Recent reports have shown yet another failure within our system of care for those who are mentally ill, with more than 400 adults currently being forced to receive treatment more than 30 miles from their homes. Receiving treatment close to home is something many of us take for granted when we have a physical illness, however this comfort isn’t always afforded to those who are mentally ill.
Immediate support from family suddenly becomes problematic, visits home are a wish too far and friends are further away than ever. I know from personal experience how vital it is to be close to home in order for an effective recovery.
The promises of Parity of esteem for mental health services in the Health and Social Care Act of 2012 have yet to be realised. Despite mental health problems accounting for 28% of the burden of disease in England, only 13% of spending goes towards mental health services. While 400 people is a small minority within the system, indeed it is only 4.9% of current inpatients, it is 4.9% too many. For every patient who has to travel more than 30 miles in order to receive inpatient treatment the system has failed them, their friends and their family.
Being close to home at any vulnerable time in your life is important, none more so than when you’re ill and need the support of family or even friends. Being so ill you have to go to hospital is quite possibly one of the most vulnerable and dangerous times of your life, especially when you are suffering from mental health problems. It is a strange reality when the most vulnerable are flung into a haze of confusion, where they may not necessarily know where they are in the country, and are placed in a daunting new environment. Being denied easy and readily available contact with your family and friends is a basic failure of a system cracking at its seams.
Not only can being moved from your local area disorientate you initially, it can also be discomforting during a patients stay in hospital. Depending on the patient you can go out, whether that is with an escort or on your own, if you are staying close to home then you can visit family, go to the local shops and keep in touch with your community. It is a vital link which shouldn’t be severed unless absolutely necessary.
However it isn’t simply a matter of comfort, contact with people close to the patient is also vital. Family like mine often provide valuable information to the clinicians which patients may not wish or may not be able to communicate.
Not only this but parents or guardians can be involved in the decision to discharge patients and often advocate on their behalf about certain things while in hospital. Some people like my parents are able to travel 30 miles or more, indeed mine made triple digit round trips for a month; however many cannot and this needs to be presumed.
My parents were an essential part of my voluntary stay in hospital; they talked to clinicians relentlessly, brought me home comforts and advocated on my behalf. I am confident without them things would have been immeasurably worse and I don’t want any inpatient to be without essential tools to help them get better.
This short term thinking has been a key feature of this dangerous Conservative government. They’ve cut over 2,000 mental health beds since 2011, and now according to the King’s Fund bed occupation is routinely exceeding recommended levels which is leading to patients being moved around the country.
While they’ve been cutting beds there has also been a growing issue within community care.
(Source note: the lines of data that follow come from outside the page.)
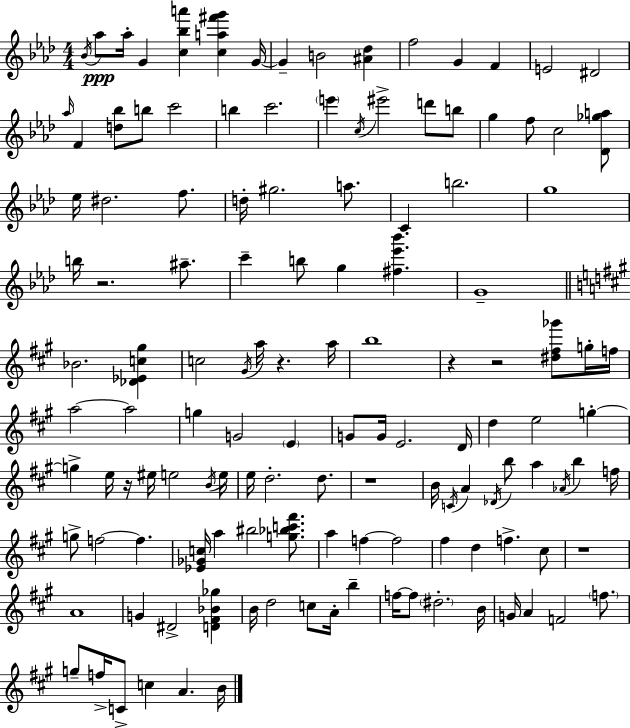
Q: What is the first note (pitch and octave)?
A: Bb4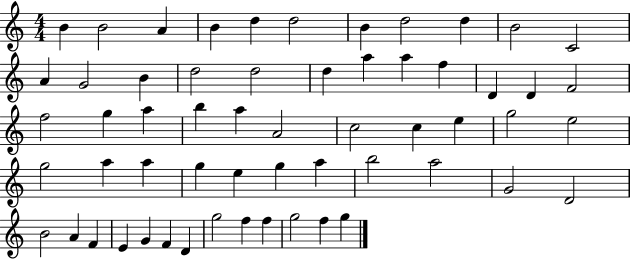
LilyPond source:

{
  \clef treble
  \numericTimeSignature
  \time 4/4
  \key c \major
  b'4 b'2 a'4 | b'4 d''4 d''2 | b'4 d''2 d''4 | b'2 c'2 | \break a'4 g'2 b'4 | d''2 d''2 | d''4 a''4 a''4 f''4 | d'4 d'4 f'2 | \break f''2 g''4 a''4 | b''4 a''4 a'2 | c''2 c''4 e''4 | g''2 e''2 | \break g''2 a''4 a''4 | g''4 e''4 g''4 a''4 | b''2 a''2 | g'2 d'2 | \break b'2 a'4 f'4 | e'4 g'4 f'4 d'4 | g''2 f''4 f''4 | g''2 f''4 g''4 | \break \bar "|."
}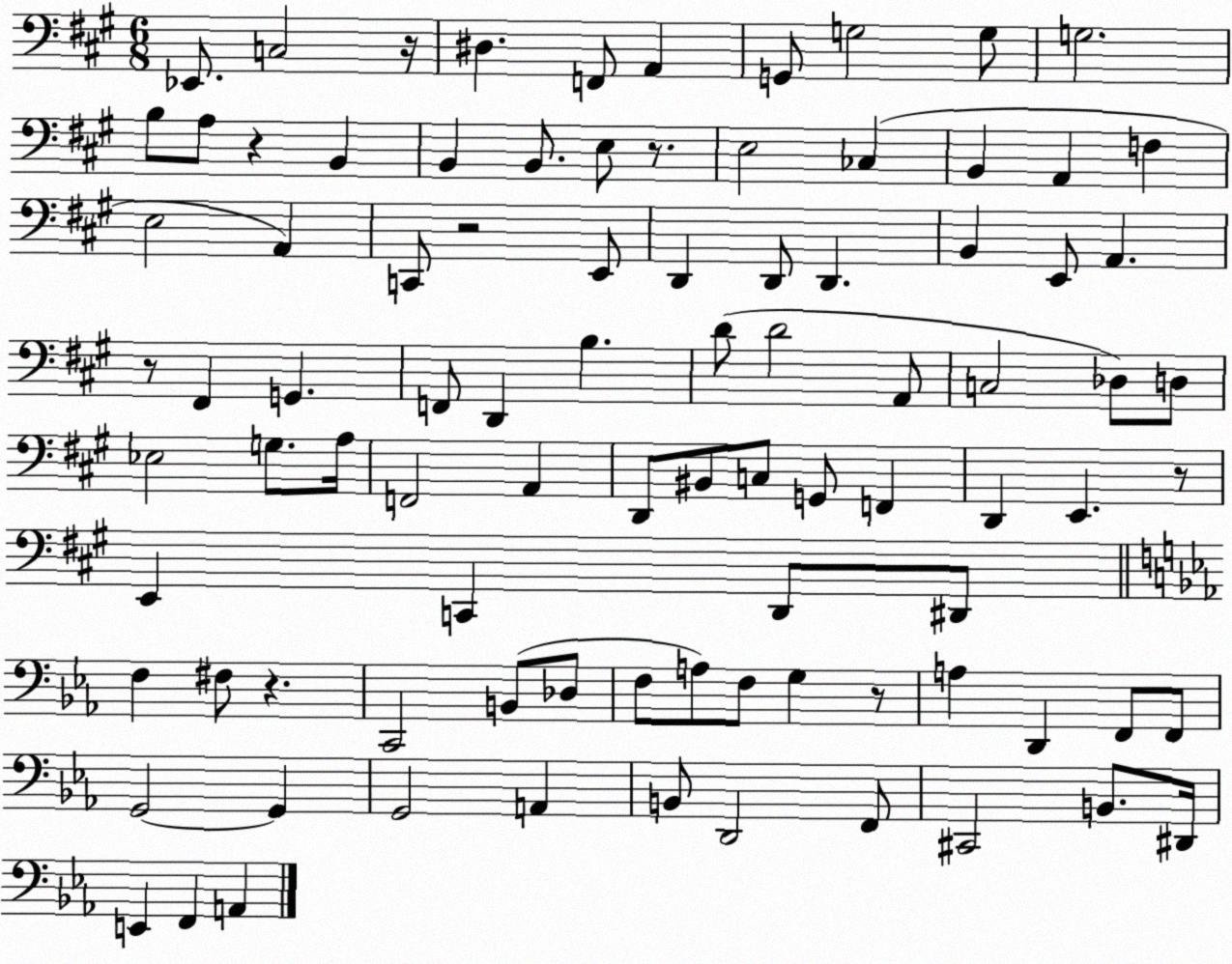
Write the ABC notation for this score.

X:1
T:Untitled
M:6/8
L:1/4
K:A
_E,,/2 C,2 z/4 ^D, F,,/2 A,, G,,/2 G,2 G,/2 G,2 B,/2 A,/2 z B,, B,, B,,/2 E,/2 z/2 E,2 _C, B,, A,, F, E,2 A,, C,,/2 z2 E,,/2 D,, D,,/2 D,, B,, E,,/2 A,, z/2 ^F,, G,, F,,/2 D,, B, D/2 D2 A,,/2 C,2 _D,/2 D,/2 _E,2 G,/2 A,/4 F,,2 A,, D,,/2 ^B,,/2 C,/2 G,,/2 F,, D,, E,, z/2 E,, C,, D,,/2 ^D,,/2 F, ^F,/2 z C,,2 B,,/2 _D,/2 F,/2 A,/2 F,/2 G, z/2 A, D,, F,,/2 F,,/2 G,,2 G,, G,,2 A,, B,,/2 D,,2 F,,/2 ^C,,2 B,,/2 ^D,,/4 E,, F,, A,,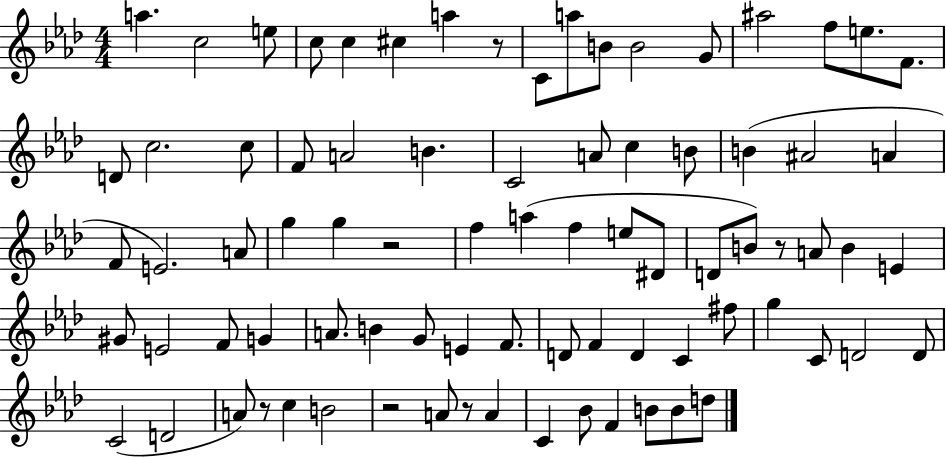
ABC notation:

X:1
T:Untitled
M:4/4
L:1/4
K:Ab
a c2 e/2 c/2 c ^c a z/2 C/2 a/2 B/2 B2 G/2 ^a2 f/2 e/2 F/2 D/2 c2 c/2 F/2 A2 B C2 A/2 c B/2 B ^A2 A F/2 E2 A/2 g g z2 f a f e/2 ^D/2 D/2 B/2 z/2 A/2 B E ^G/2 E2 F/2 G A/2 B G/2 E F/2 D/2 F D C ^f/2 g C/2 D2 D/2 C2 D2 A/2 z/2 c B2 z2 A/2 z/2 A C _B/2 F B/2 B/2 d/2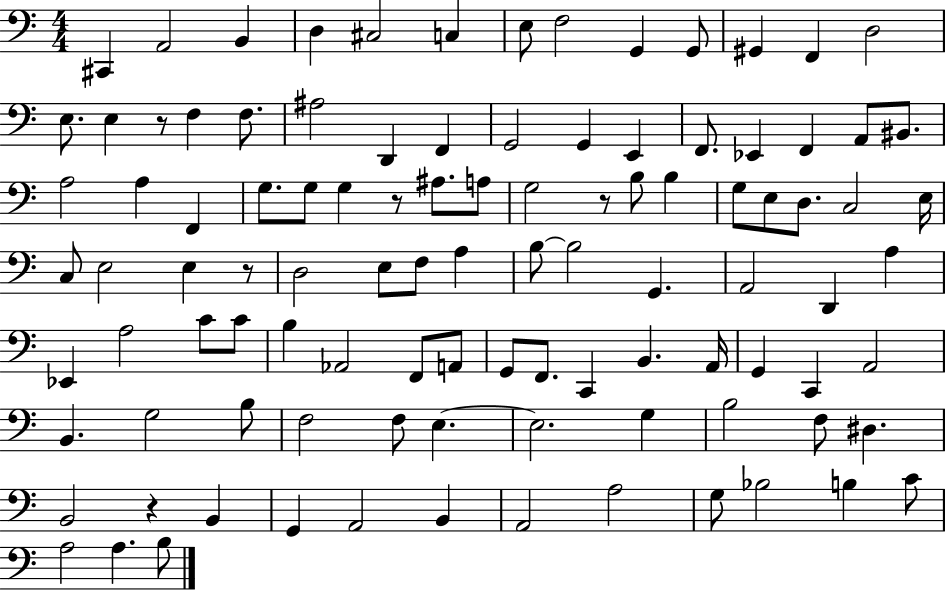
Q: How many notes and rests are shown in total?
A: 103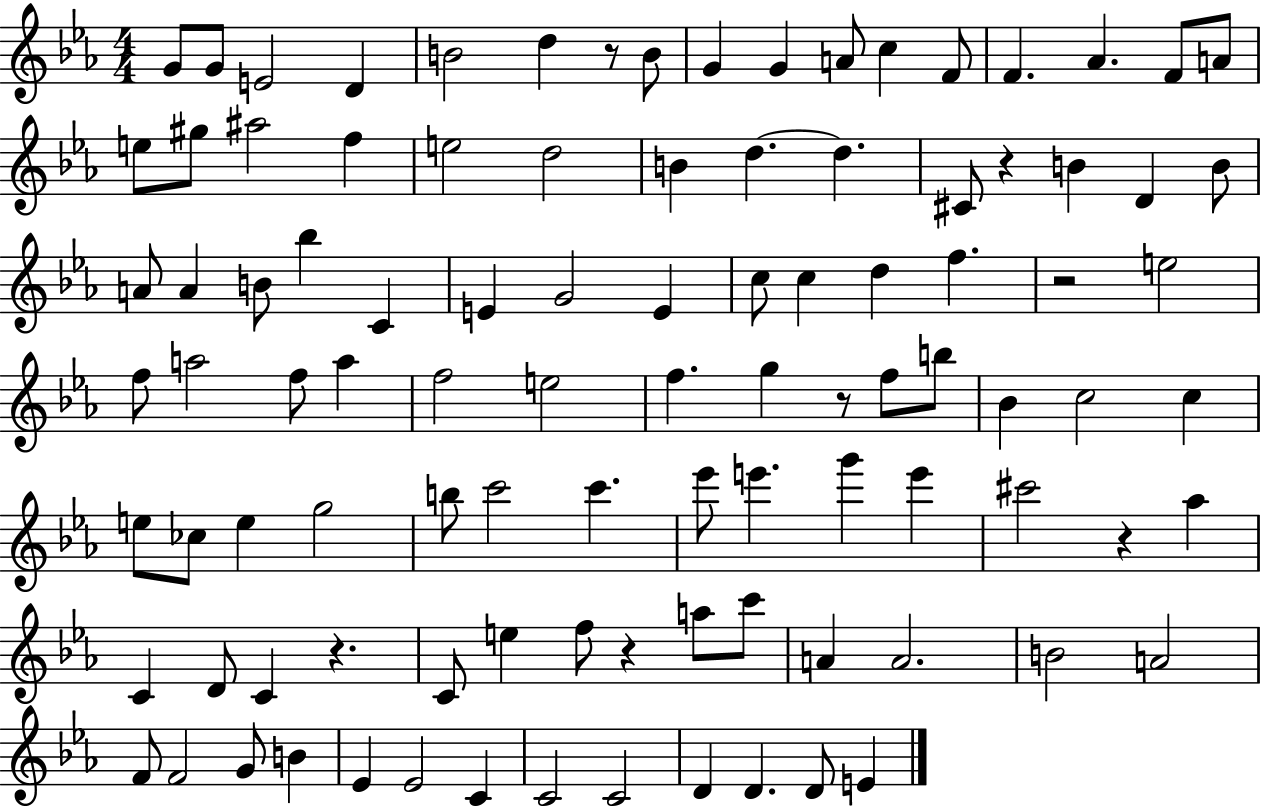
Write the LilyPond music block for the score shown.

{
  \clef treble
  \numericTimeSignature
  \time 4/4
  \key ees \major
  g'8 g'8 e'2 d'4 | b'2 d''4 r8 b'8 | g'4 g'4 a'8 c''4 f'8 | f'4. aes'4. f'8 a'8 | \break e''8 gis''8 ais''2 f''4 | e''2 d''2 | b'4 d''4.~~ d''4. | cis'8 r4 b'4 d'4 b'8 | \break a'8 a'4 b'8 bes''4 c'4 | e'4 g'2 e'4 | c''8 c''4 d''4 f''4. | r2 e''2 | \break f''8 a''2 f''8 a''4 | f''2 e''2 | f''4. g''4 r8 f''8 b''8 | bes'4 c''2 c''4 | \break e''8 ces''8 e''4 g''2 | b''8 c'''2 c'''4. | ees'''8 e'''4. g'''4 e'''4 | cis'''2 r4 aes''4 | \break c'4 d'8 c'4 r4. | c'8 e''4 f''8 r4 a''8 c'''8 | a'4 a'2. | b'2 a'2 | \break f'8 f'2 g'8 b'4 | ees'4 ees'2 c'4 | c'2 c'2 | d'4 d'4. d'8 e'4 | \break \bar "|."
}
According to the King’s fund only 14% of people in a crisis felt they received the right response that helped to resolve said crisis – this is a statistic that obviously has consequences on the availability of hospital beds.
Indeed, rather than resolving the problems that many face in a non-clinical environment, cuts to services have ensured that too many become inpatients; which of course takes up more resources than if they’d funded community care properly. A perfect storm of bed cutting and cuts to community mental health services has led to these unacceptable conditions for mental health patients within the NHS.
Taking people outside of their own environment can be damaging and disorientating for inpatients, and makes access for friends and family inevitably more difficult – leading to a more difficult recovery. It is a policy born out of necessity, however it is misguided and harmful for those involved whether that is people who know the patient or the patient themselves – it should be avoided at all costs.